Give the data again exactly, without images.
DATASET SECTION Block Start
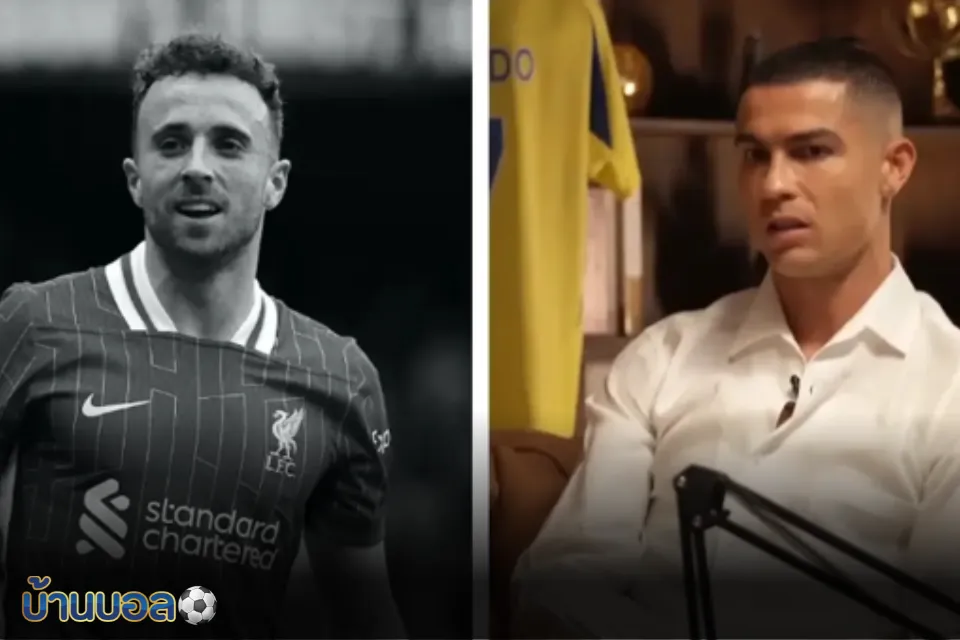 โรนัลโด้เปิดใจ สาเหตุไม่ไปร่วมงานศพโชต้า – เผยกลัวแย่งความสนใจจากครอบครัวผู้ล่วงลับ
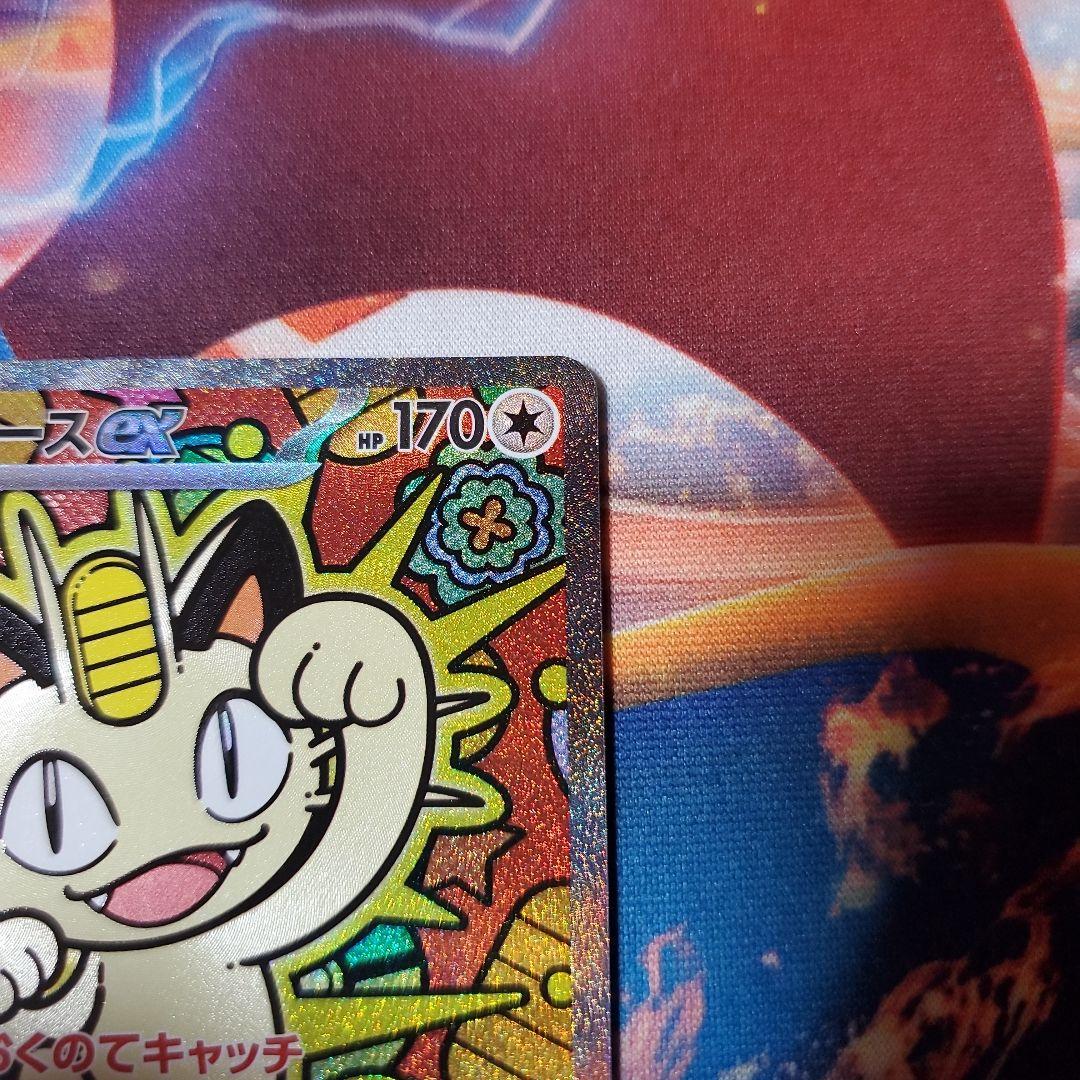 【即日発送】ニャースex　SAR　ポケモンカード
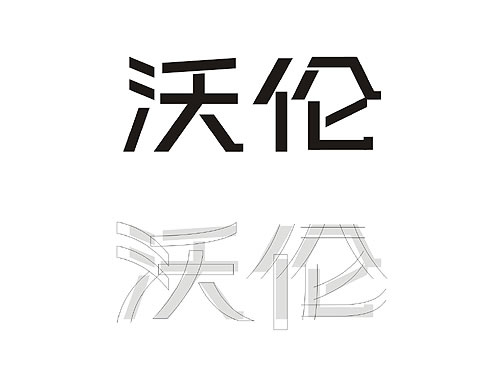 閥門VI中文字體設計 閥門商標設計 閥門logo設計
DATASET SECTION Block End
- [EXERCISE RESPONSE]:
 โรนัลโด้เปิดใจ สาเหตุไม่ไปร่วมงานศพโชต้า – เผยกลัวแย่งความสนใจจากครอบครัวผู้ล่วงลับ
 【即日発送】ニャースex　SAR　ポケモンカード
 閥門VI中文字體設計 閥門商標設計 閥門logo設計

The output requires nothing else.